JOSÉ ANTONIO MARINA
Este fin de semana he participado, con queridos amigos como Forges, Peridis, Innerarity o Savater,
en un congreso sobre “la vida buena”, celebrado en la acogedora
Tudela. El castellano distingue con gran precisión entre “buena vida” y
“vida buena”, dando a esta un significado más profundo y una dimensión
moral. El congreso ha coincido con la celebración del día mundial de la felicidad.
Y es que la felicidad está de moda. Se ha convertido en reclamo
comercial, hay institutos de la felicidad y la “psicología positiva” ha
pretendido hacer una “ciencia de la felicidad”. No me extraña que el
fundador de esta psicología –Martin Seligman- se haya declarado harto de
la palabra, y pretenda sustituirla por “bienestar”. La “vida buena” me
parece un concepto más interesante.
Un objetivo fundamental de la educación es “enseñar a vivir”, asunto de sin igual importancia. ¿En qué puede consistir ese aprendizaje?
Mis lectores saben que me interesa la “educación del talento”, porque
me parece el marco educativo más integrador de que disponemos. Talento
es el buen uso de la inteligencia. De nada vale tener una inteligencia
portentosa, según los métodos que tenemos para medirla, si luego la
utilizamos desastrosamente. Robert Sternberg, uno de
los grandes psicólogos actuales, ha dirigido un interesante libro
titulado 'Por qué las personas inteligentes pueden ser tan estúpidas'. A
mi juicio, la respuesta correcta es: porque podemos ser inteligentes y no tener talento.
Tenerlo consiste en elegir las metas adecuadas, saber resolver
problemas, soportar el esfuerzo, valorar las cosas adecuadamente,
disfrutando de las buenas, tender lazos afectivos cordiales y mantener
la autonomía correcta respecto de la situación. No se trata de un
recetario, sino de desarrollar competencias. Hay talentos especializados
–para la música, la ciencia, el arte, los negocios, etc.– pero hay un
“talento general para la vida”. Como dijo Saint-Exupéry,
no podemos proporcionar soluciones a nuestros alumnos, sino despertar
en ellos las capacidades que les permitirán encontrarlas.

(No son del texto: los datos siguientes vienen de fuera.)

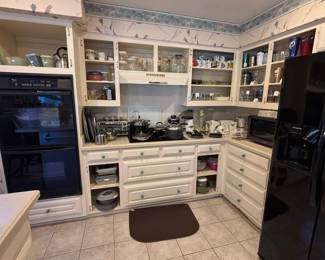 Kitchenware galore - pots, pans, cups, bakeware, appliances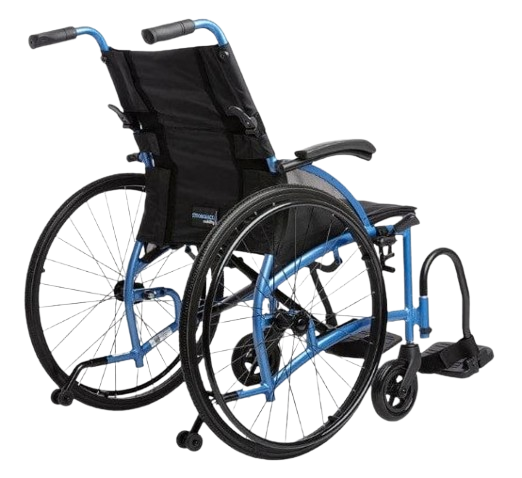Rear Right Side View Of The Strongback 24 Flip Back Arms Ultra-Lightweight Wheelchair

Las cosas pueden verse más claras si reconocemos que hay dos tipos de
felicidad. La felicidad personal y la felicidad social o, dicho más
técnicamente, la felicidad subjetiva y la objetiva. La felicidad
subjetiva, a la que solemos referirnos al usar la palabra, es una experiencia agradable,
intensa, en la que no echamos nada gravemente en falta. Cada persona
cifra su felicidad en una cosa diferente. Por eso, las ideologías
liberales insisten en que no se debe hacer nada para favorecer la
felicidad de los demás, salvo dejar que cada cual se busque la vida a su
manera.
Pero hay otra felicidad objetiva, que ya no es un
sentimiento, sino una situación. Son felices aquellas sociedades que
proporcionan un marco adecuado para que cada individuo pueda emprender
sus propios proyectos. Sucede algo parecido a lo que ocurre con la
salud. La salud es una cualidad personal, pero decimos que hay ambientes
sanos o sociedades sanas, porque colaboran a la salud de los
individuos.
No podemos ponernos de acuerdo en el objetivo de la felicidad
personal, pero sí en el modo de concebir la felicidad social, que es una
felicidad compartida. Nadie querría vivir en una sociedad donde no se
respetaran los derechos, en la que reinara el imperio de la fuerza, en
la que no existieran sistemas de ayuda. La política es la encargada de
trabajar para la felicidad social, a la que, en términos cotidianos,
denominamos “justicia”. Relacionar el concepto seco de “justicia”, con
el concepto cordial de “felicidad” me parece imprescindible. Ya lo hizo
el viejo Aristóteles que consideraba que la política era la ocupación
más noble porque se ocupaba de la felicidad común. Esa fue también la
idea de las revoluciones ilustradas. La declaración de Independencia de
Estados Unidos (1776) proclama que el fin del gobierno es “alcanzar la
seguridad y la felicidad”. Y en su artículo 13, la Constitución española
de 1812 afirmaba :”El objeto del gobierno es la felicidad de la nación”. Recogían una venerable herencia, porque ya Platón se ocupó de las leyes “que harían a una ciudad feliz”.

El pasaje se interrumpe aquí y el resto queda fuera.